ONCE upon a time it seemed Billy Joe Saunders and Chris Eubank Jnr were destined to become long-term rivals, the kind who would go on to share two or three fights and eventually win one another’s respect.
They had one fight, of course, back in November 2014, but that, as it turned out, is as far as the rivalry has gone. Since then Saunders, the victor, has used bragging rights to poke fun at Eubank Jnr, while Eubank Jnr has used his greater profile to fire back at Saunders from time to time.
In terms of achievements, Saunders remains undefeated and has won a second WBO belt in a second weight class (super-middleweight). But, annoyingly, his career has stalled in recent times and an issue with a failed performance-enhancing drug test in 2018 has hardly helped matters.

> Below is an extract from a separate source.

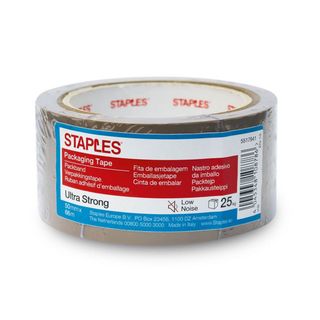 Staples Fita forte 50 mmx66 m PP castanho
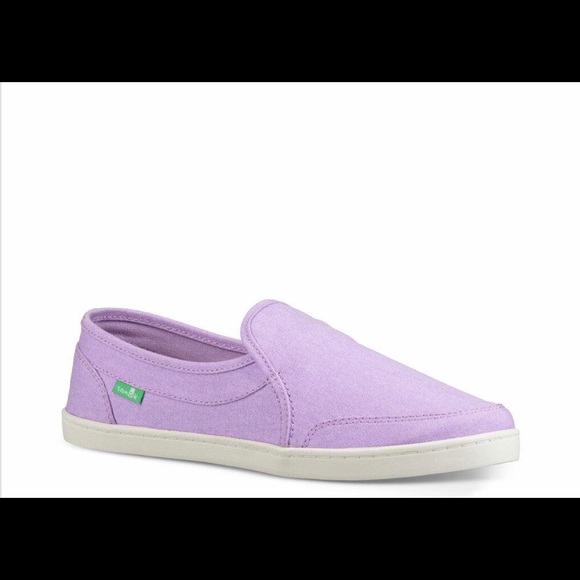 Sanuk Y Lil Pair O Dice Women’s Lavender Shoes - Picture 2 of 7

Eubank Jnr, meanwhile, suffered a frustrating defeat to George Groves last year but has, to his credit, rebounded with a decent win against James DeGale, probably the best of his career. He claims to have forgotten all about Saunders and says he has no need to pursue the rematch. But that’s hard to believe.
“We’ve been trying to make that fight for years,” Eubank Jnr told Sky Sports. “Whenever it happens, it happens.
“He’s not really a priority for me right now because there’s so many other big names out there. But when that fight happens, he’ll get what’s coming, and I’ll be able to move on.”
The sticking point seems to be money. Eubank Jnr will demand a lot based on his supposed star power and Saunders, too, won’t be sold short given he is the undefeated champion with a 2014 win to his name.
“He doesn’t want to fight unless he’s getting paid a crazy amount of money,” he said. “But at this stage, the fight can be made. It’s just when and where.”
It won’t be against Saunders, we know that much, but Eubank Jnr reckons he will be back in the ring again before the end of the year and that his opponent will be revealed in the next couple of weeks.
Although it always appeared unlikely, Andy Ruiz Jnr, the WBA, IBF and WBO world heavyweight champion, admits he would have considered fighting Anthony Joshua in London or Cardiff if – and it’s a big, Ruiz-sized if – the money had been right.
Alas, it wasn’t, and rather than Ruiz and Joshua doing their rematch in the UK, we have ended up with ‘Clash on the Dunes’, a December 7 title fight in Saudi Arabia of all places.
“I would’ve been there [in Britain],” Ruiz told BoxingScene.com following a press conference in Manhattan. “If the number would’ve been right, I would’ve been there and I would’ve given him the chance.
“There’s no reason to be hiding [from his] country. He came all the way over here [to New York]. I would’ve gone back over there, but they made it in Saudi Arabia. So, I think that was a fair choice.”
The assumption was that the rematch landed in Diriyah, Saudi Arabia because Ruiz and his team were insistent on it being held on neutral ground. More likely, though, given Ruiz’s recent claim, is that the reported $40 million site fee for hosting the fight in Diriyah was the determining factor.
“We were negotiating,” Ruiz said. “I would fight wherever. The fighter’s going to fight wherever.
“But it’s just the team, where they’re going to negotiate and whatnot. I don’t think that’s my business to be saying, ‘You know what? I want to fight here. I want to fight there.’
“It wasn’t me. But wherever it is, you know, I’m going to be there, I’m going to be ready, I’m going to train hard and I’m going to win.”
A ring’s a ring.
By now a cliché, all boxers have said it at some point, and most have said it to disguise their frustration regarding a venue or location.
On December 7 in Saudi Arabia, Ruiz and Joshua will meet again in a ring, just as they did on June 1, and what surrounds that ring will likely have no bearing on what happens inside it once the first bell rings and punches start to fly.